─── Source material

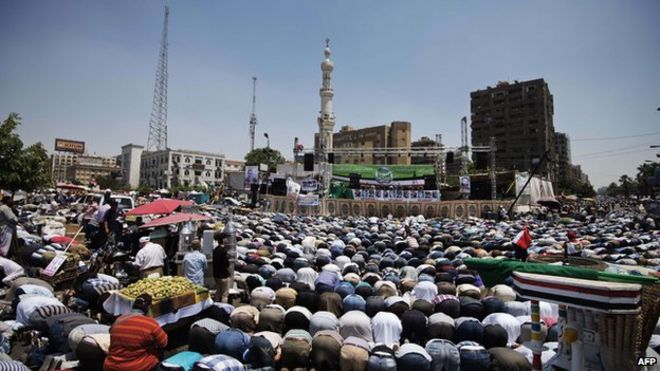 Тысячи исламистов и сторонников «Братьев-мусульман» проводят пятничные молитвы, когда они собираются в мечети Рабаа-эль-Адавия, чтобы начать открытую сидячую забастовку в поддержку легитимности президента Мухаммеда Мурси в Каире (28 июня 2013 г.)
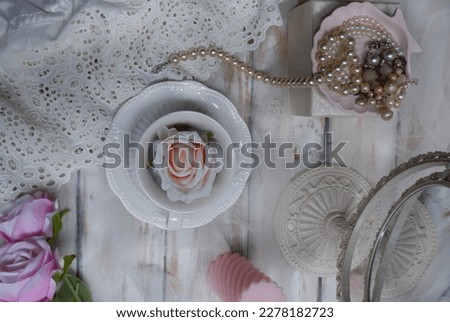 Still life photography with the concept of victorian style, with a composition of mirror, cups, candles and pearl necklaces
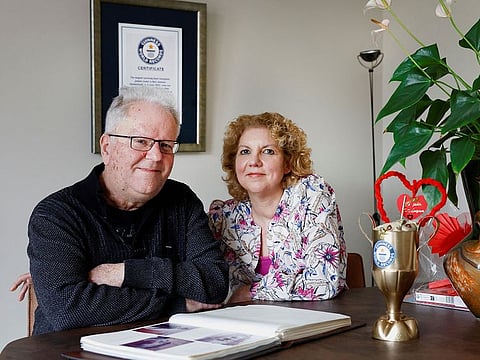 Bert Janssen, 57 years old, and his wife Petra pose in their house in Herkenbosch, Netherlands February 29, 2024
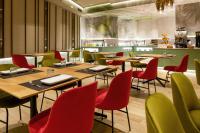 Un restaurante con mesas de madera y sillas rojas. en Melia Plaza Valencia, en Valencia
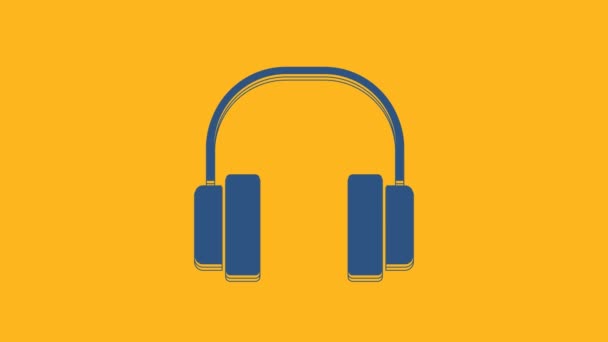 Icono de auriculares azules aislado sobre fondo naranja. Auriculares. Concepto para escuchar música, servicio, comunicación y operador. Animación gráfica de vídeo 4K. - Metraje, vídeo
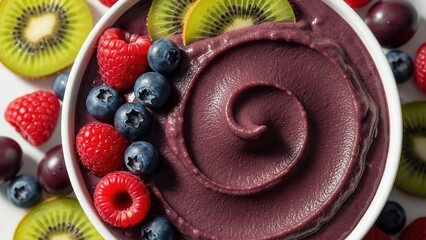 A colorful bowl of acai smoothie topped with fresh fruits
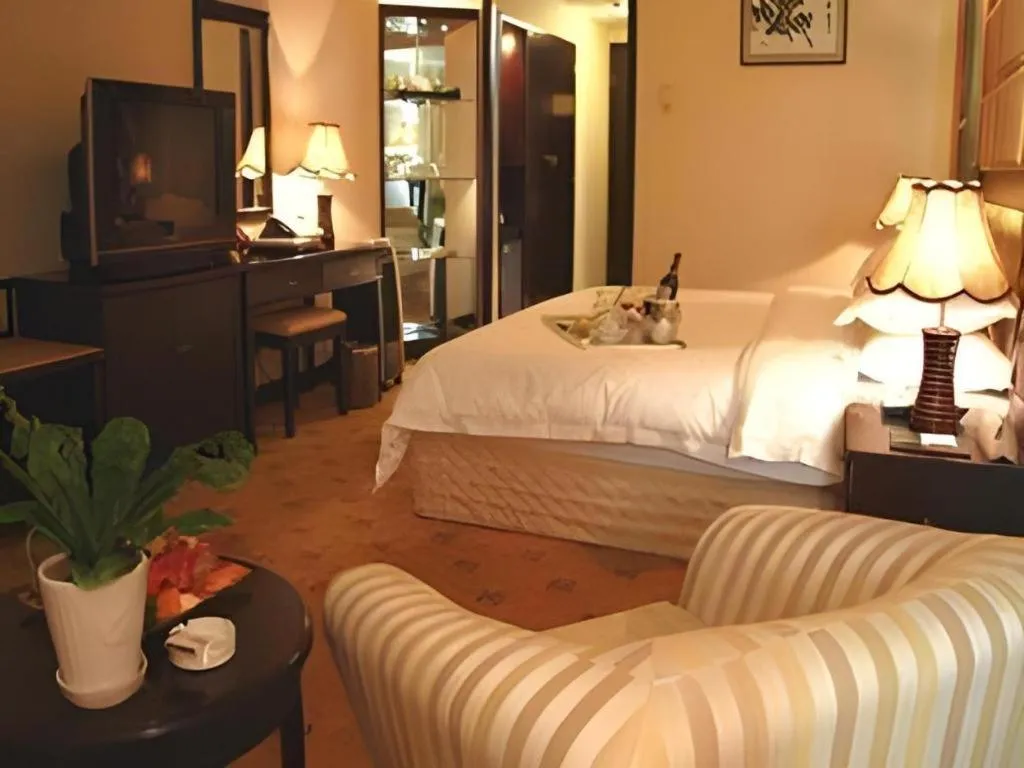 Bed in Economic Trade Hotel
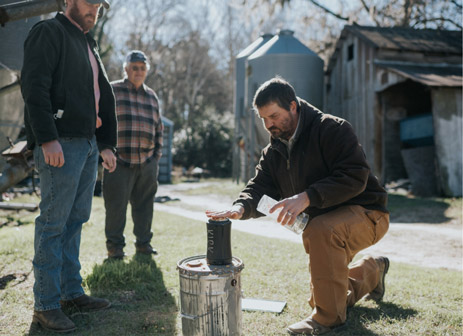 At a farm Kendall Kirk is kneeling down on the ground and showing two farmers how a piece of technology works.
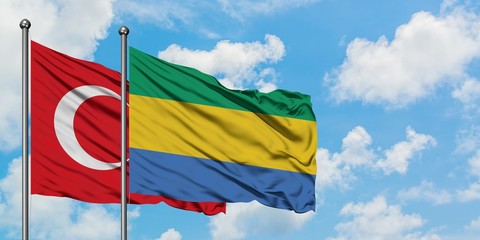 Turkey and Gabon flag waving in the wind against white cloudy blue sky together. Diplomacy concept, international relations.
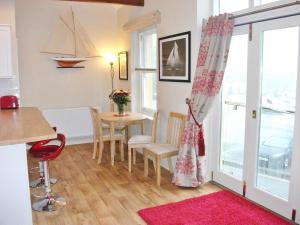a living room with a table and chairs and a window at Watch House in Fowey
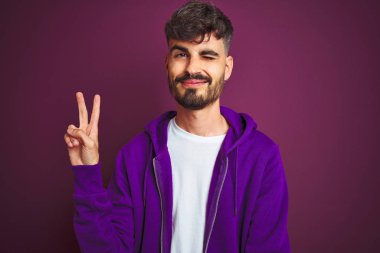 Çizgili polo giyen dövmeli genç adam izole sarı arka plan üzerinde duran mutlu yüz zafer işareti yapıyor kameraya göz kırparak gülümseyerek. İki numara.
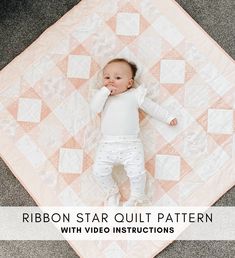 a baby laying on top of a pink blanket with the words ribbon star quilt pattern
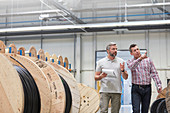 Male supervisor and worker walking along spools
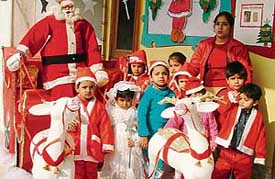 Students of Children Valley School celebrate Christmas with Santa Claus at a function in Ludhiana on Wednesday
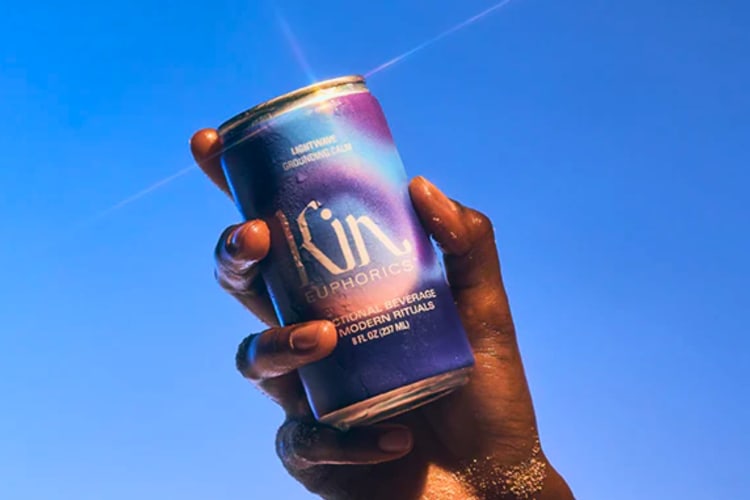 A hand holding a can of non-alcoholic, non-caffeinated soda.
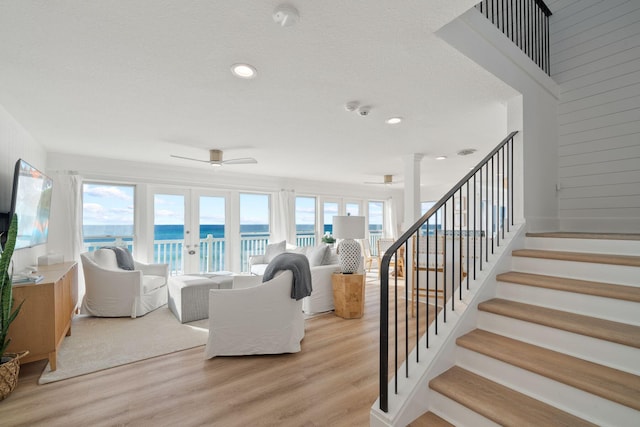 living area with light wood-style floors, a ceiling fan, stairs, and a water view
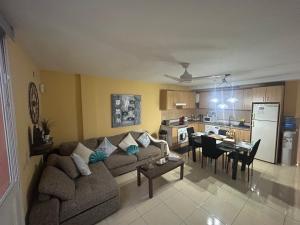 a living room and kitchen with a couch and a table at Casa Gloria in Los Abrigos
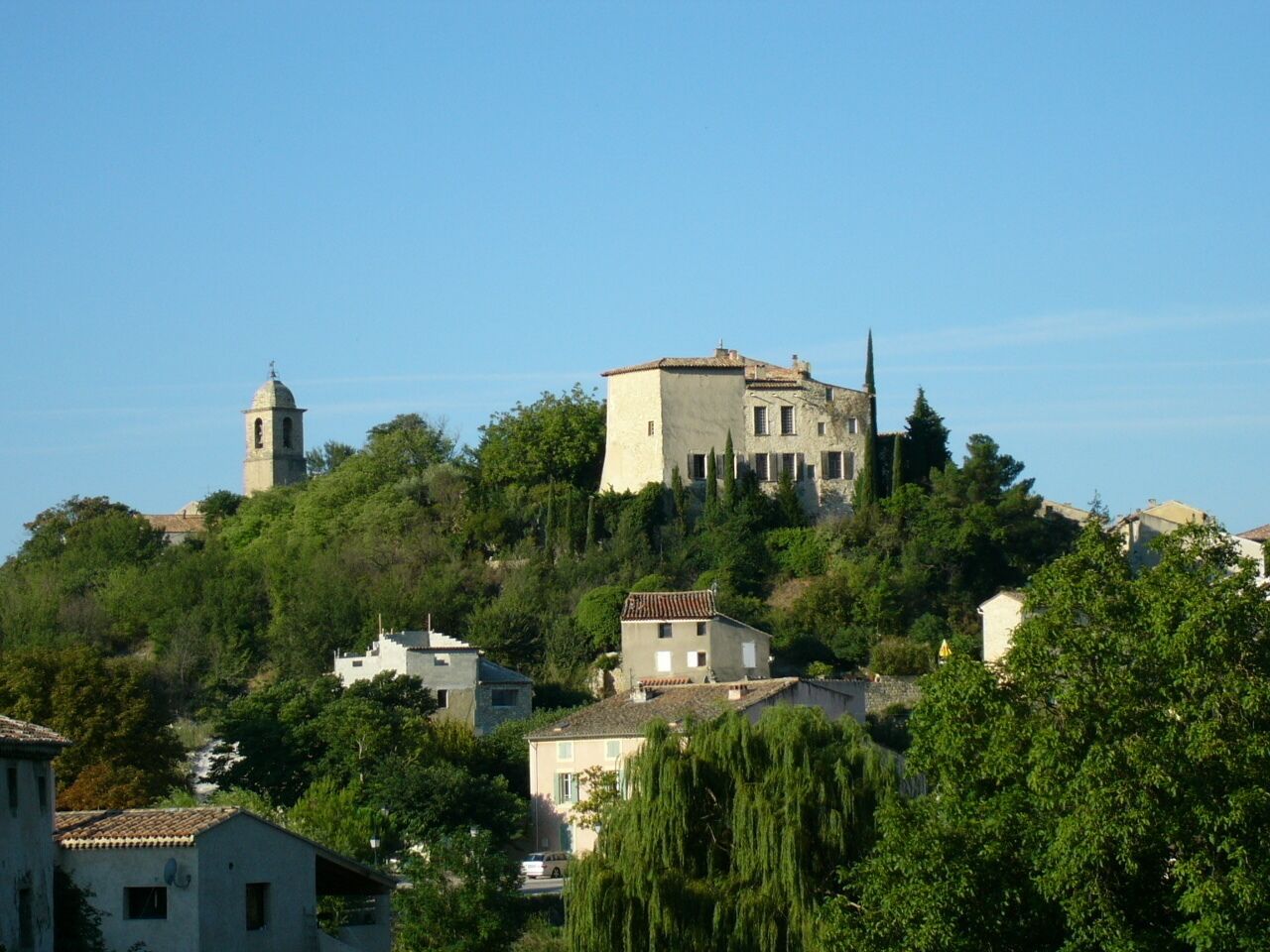 Un bâtiment perché sur une colline, doté d’un clocher, entouré d’arbres et d’immeubles d’habitation.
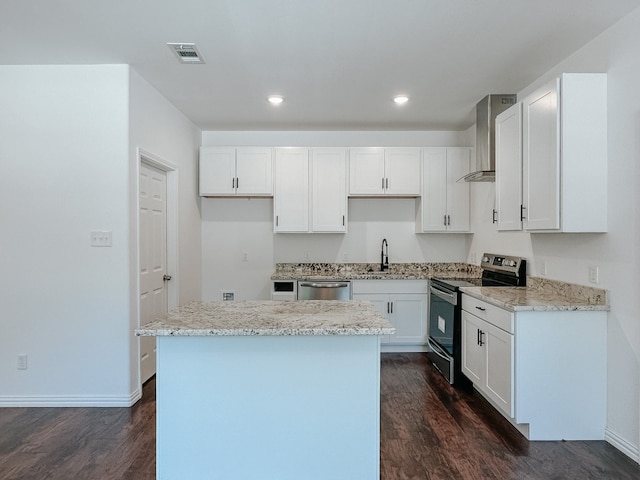 kitchen with dark hardwood / wood-style floors, wall chimney exhaust hood, white cabinetry, and range with electric stovetop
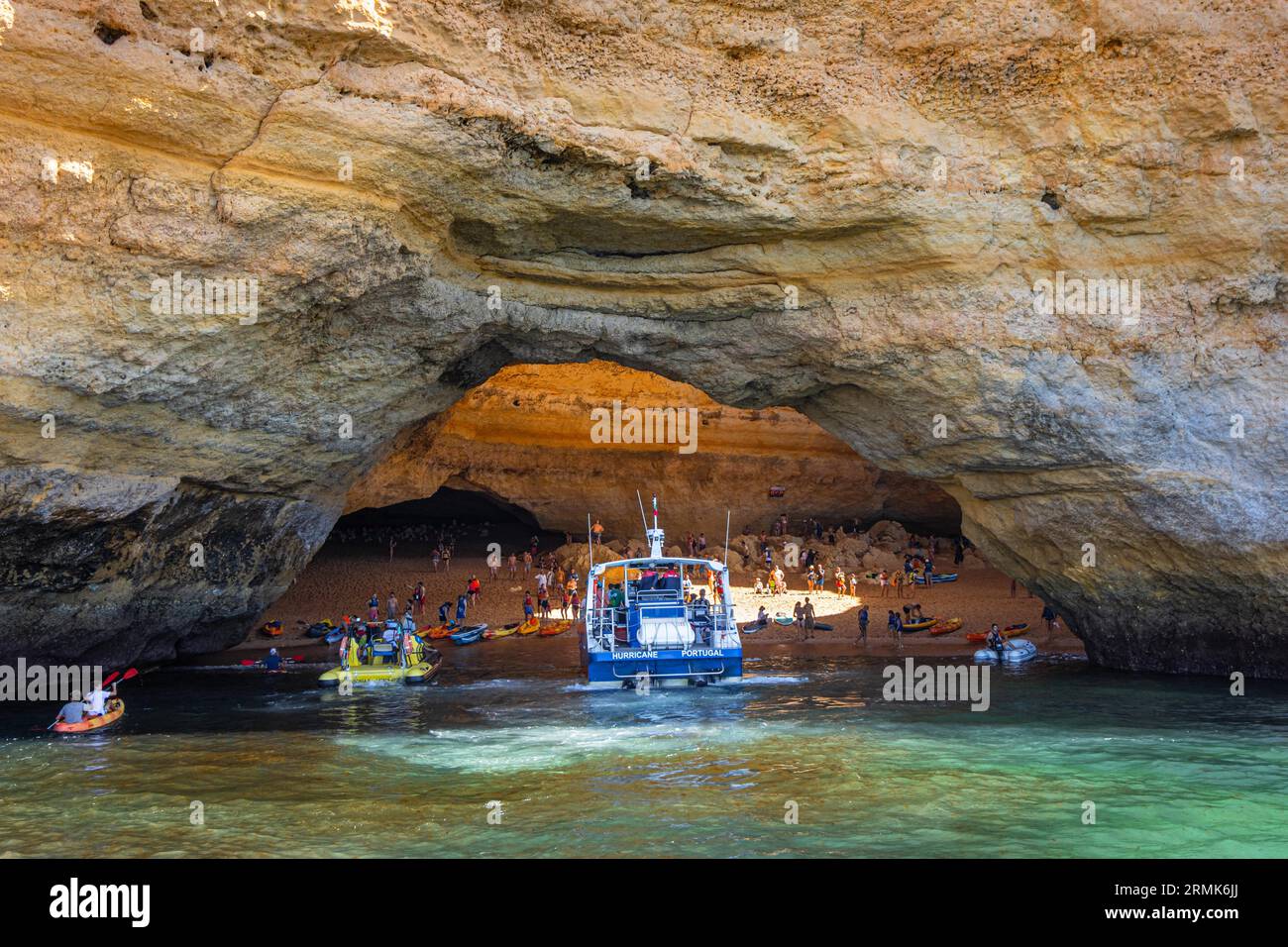 The world-famous Benagil Cave is only accessible from the sea and can be used at low tide. Numerous tourists from all over the world crowd into the Stock Photo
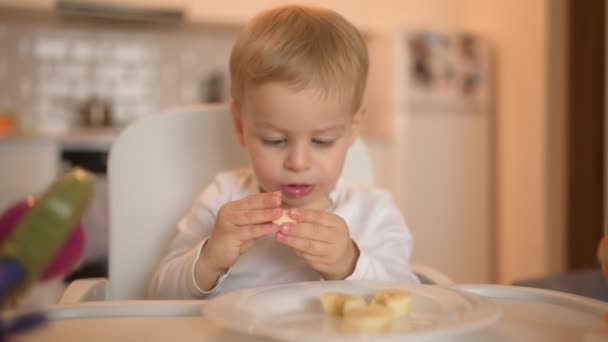 Mały szczęśliwy słodkie dziecko maluch chłopiec blondynka siedzi na foteliku bawiąc się z bananem. Wyrazy twarzy dziecka wewnątrz w domu kuchnia wnętrze z jedzeniem. Zdrowe jedzenie koncepcja szczęśliwego dzieciństwa rodziny. — Wideo stockowe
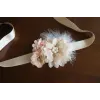Flower and feather sash with champagne and peach flowers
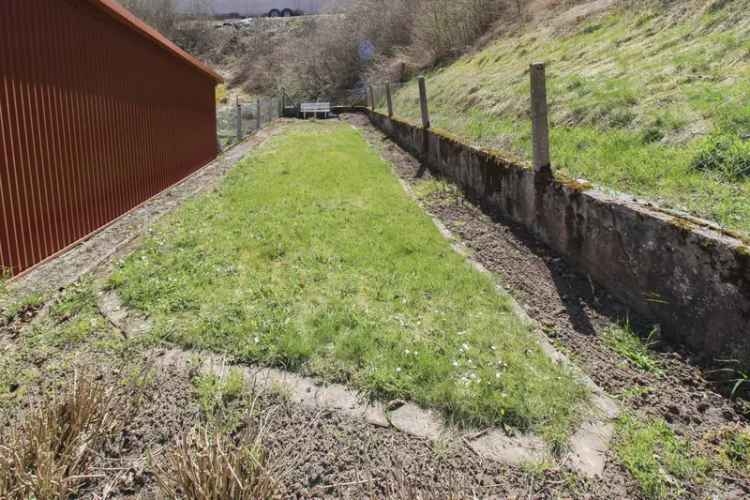 Reihenmittelhaus mit großer Wohnfläche, Garten und charmantem Preis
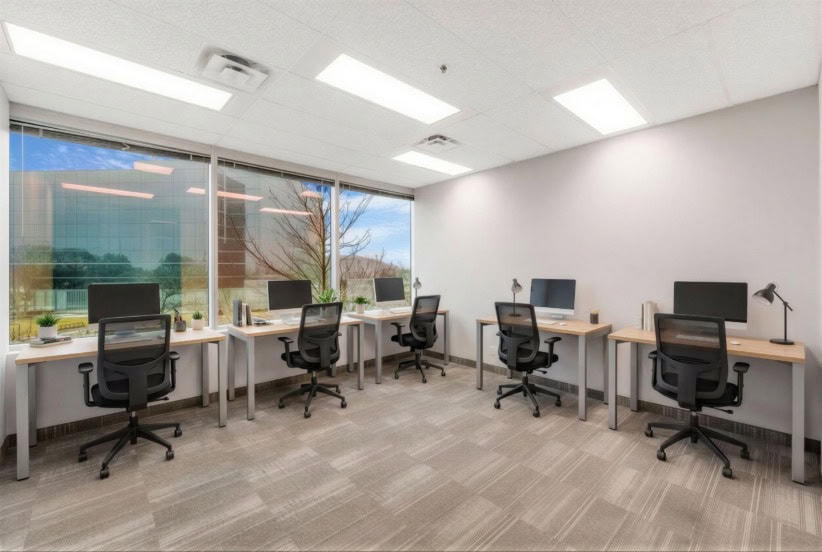 Office Evolution Oakville coworking workspace with desks and computers for professionals.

──────

### [What this task involves]
From the data above, retype only the lines starting with the line with "Un bâtiment perché" and going on through the line with "The world-famous Benagil", exactly, leaving out the pictures.

### [Completed exercise]
 Un bâtiment perché sur une colline, doté d’un clocher, entouré d’arbres et d’immeubles d’habitation.
 kitchen with dark hardwood / wood-style floors, wall chimney exhaust hood, white cabinetry, and range with electric stovetop
 The world-famous Benagil Cave is only accessible from the sea and can be used at low tide. Numerous tourists from all over the world crowd into the Stock Photo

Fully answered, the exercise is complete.